Required action =
Filtering the records below, copy only those lines that include the word "MICHAEL".

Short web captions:
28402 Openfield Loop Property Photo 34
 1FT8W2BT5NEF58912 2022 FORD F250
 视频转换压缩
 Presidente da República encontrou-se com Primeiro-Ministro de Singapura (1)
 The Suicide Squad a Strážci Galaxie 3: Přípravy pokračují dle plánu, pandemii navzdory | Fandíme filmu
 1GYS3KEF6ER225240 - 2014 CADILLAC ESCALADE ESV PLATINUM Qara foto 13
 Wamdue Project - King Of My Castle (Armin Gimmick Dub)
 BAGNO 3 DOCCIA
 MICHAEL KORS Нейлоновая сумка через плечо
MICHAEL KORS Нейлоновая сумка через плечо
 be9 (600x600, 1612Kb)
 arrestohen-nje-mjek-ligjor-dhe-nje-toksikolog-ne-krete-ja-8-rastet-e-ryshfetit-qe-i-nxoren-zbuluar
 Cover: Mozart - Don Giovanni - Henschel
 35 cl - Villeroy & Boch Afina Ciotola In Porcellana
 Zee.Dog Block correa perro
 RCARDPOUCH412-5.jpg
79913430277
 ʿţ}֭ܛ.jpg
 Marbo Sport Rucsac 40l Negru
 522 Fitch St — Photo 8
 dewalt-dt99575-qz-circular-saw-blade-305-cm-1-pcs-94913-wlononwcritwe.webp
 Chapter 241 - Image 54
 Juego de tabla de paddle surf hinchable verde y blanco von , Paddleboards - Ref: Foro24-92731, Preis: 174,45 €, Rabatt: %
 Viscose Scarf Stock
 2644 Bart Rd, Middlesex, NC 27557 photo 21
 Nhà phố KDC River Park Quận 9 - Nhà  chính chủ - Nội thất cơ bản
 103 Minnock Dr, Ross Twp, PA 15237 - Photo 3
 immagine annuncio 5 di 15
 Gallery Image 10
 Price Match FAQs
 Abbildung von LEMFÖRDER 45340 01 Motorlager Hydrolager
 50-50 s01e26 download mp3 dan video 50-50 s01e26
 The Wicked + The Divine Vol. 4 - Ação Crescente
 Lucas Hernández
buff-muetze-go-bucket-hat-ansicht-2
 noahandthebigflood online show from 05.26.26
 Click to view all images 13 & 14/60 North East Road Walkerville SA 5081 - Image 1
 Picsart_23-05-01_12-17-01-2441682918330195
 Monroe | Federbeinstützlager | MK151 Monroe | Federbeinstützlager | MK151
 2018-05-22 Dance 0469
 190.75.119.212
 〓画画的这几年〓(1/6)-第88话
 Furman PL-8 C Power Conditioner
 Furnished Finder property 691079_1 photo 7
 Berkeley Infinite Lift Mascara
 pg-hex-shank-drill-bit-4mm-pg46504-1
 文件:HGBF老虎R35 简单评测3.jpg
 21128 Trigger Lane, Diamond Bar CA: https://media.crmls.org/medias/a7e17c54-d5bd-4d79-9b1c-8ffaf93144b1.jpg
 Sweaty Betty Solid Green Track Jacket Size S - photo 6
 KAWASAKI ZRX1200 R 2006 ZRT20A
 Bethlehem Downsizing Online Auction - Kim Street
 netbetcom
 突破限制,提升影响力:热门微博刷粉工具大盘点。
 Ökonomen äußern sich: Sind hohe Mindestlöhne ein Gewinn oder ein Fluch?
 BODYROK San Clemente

Completed exercise =
 MICHAEL KORS Нейлоновая сумка через плечо
MICHAEL KORS Нейлоновая сумка через плечо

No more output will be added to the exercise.